SMT Conference: Connected Platforms Look To Continue To Add, Expand On Sports Offerings
Focusing on the synergy between sports and emerging entertainment technology, the ’13 Covington & Burling Sports Media & Technology conference brought together execs from the property, technology and legal fields for a panel entitled, “Disruptive Technologies: How Connected Platform Devices Are Changing The Fan Experience.”
WE WANT MORE: A major focus of the panel was the new deal between Microsoft and the NFL around the company’s Xbox One launch. NFL VP/Emerging Products & Technology Noah Fischbach said that having league apps on Xbox One at the outset is “additive” for the league. Fischbach: “The fantasy experience is a great example. You’ll now be able to watch your Sunday afternoon game on CBS or Fox and have your fantasy experience right there. … You won’t need to go get a second device." He added, “For us, we think it’s going to be really interesting to see how much more people consume our content. … The Xbox One was built for this next generation and you can really do multiple things at once.”

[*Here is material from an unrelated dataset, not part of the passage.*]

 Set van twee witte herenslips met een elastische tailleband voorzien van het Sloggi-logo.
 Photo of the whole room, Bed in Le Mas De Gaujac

READY FOR LAUNCH: Xbox Entertainment Studios VP & Exec Producer David Jurenka, on which live sports will be on Xbox One at its launch: “We’ll have the NFL and ESPN at the launch. … But we’ve also had UFC pay-per-view events over the last few years, as well as partnerships with the leagues -- NBA, MLB and NHL with their out-of-market packages."
LOOKING FOR MORE SPORTS GROWTH: Roku VP/Business Development, Content & Services Scott Rosenberg, on having most of the major pro leagues on the platform, “It’s a nice growing vertical for us. We’ve got great relationships with the leagues. Sports is a complex business, but it’s one that we continue to lean into more and more as we add league or sports news apps to the experience and bring networks on.”
TECH ISSUES REMAIN: Rosenberg, on the need to improve network architecture, “We’ve broken service providers around live events because they didn’t anticipate demand. But that is mostly a failure to plan.” Jurenka: “That certainly happened to us during the first year of showing ‘Sunday Night Football.’”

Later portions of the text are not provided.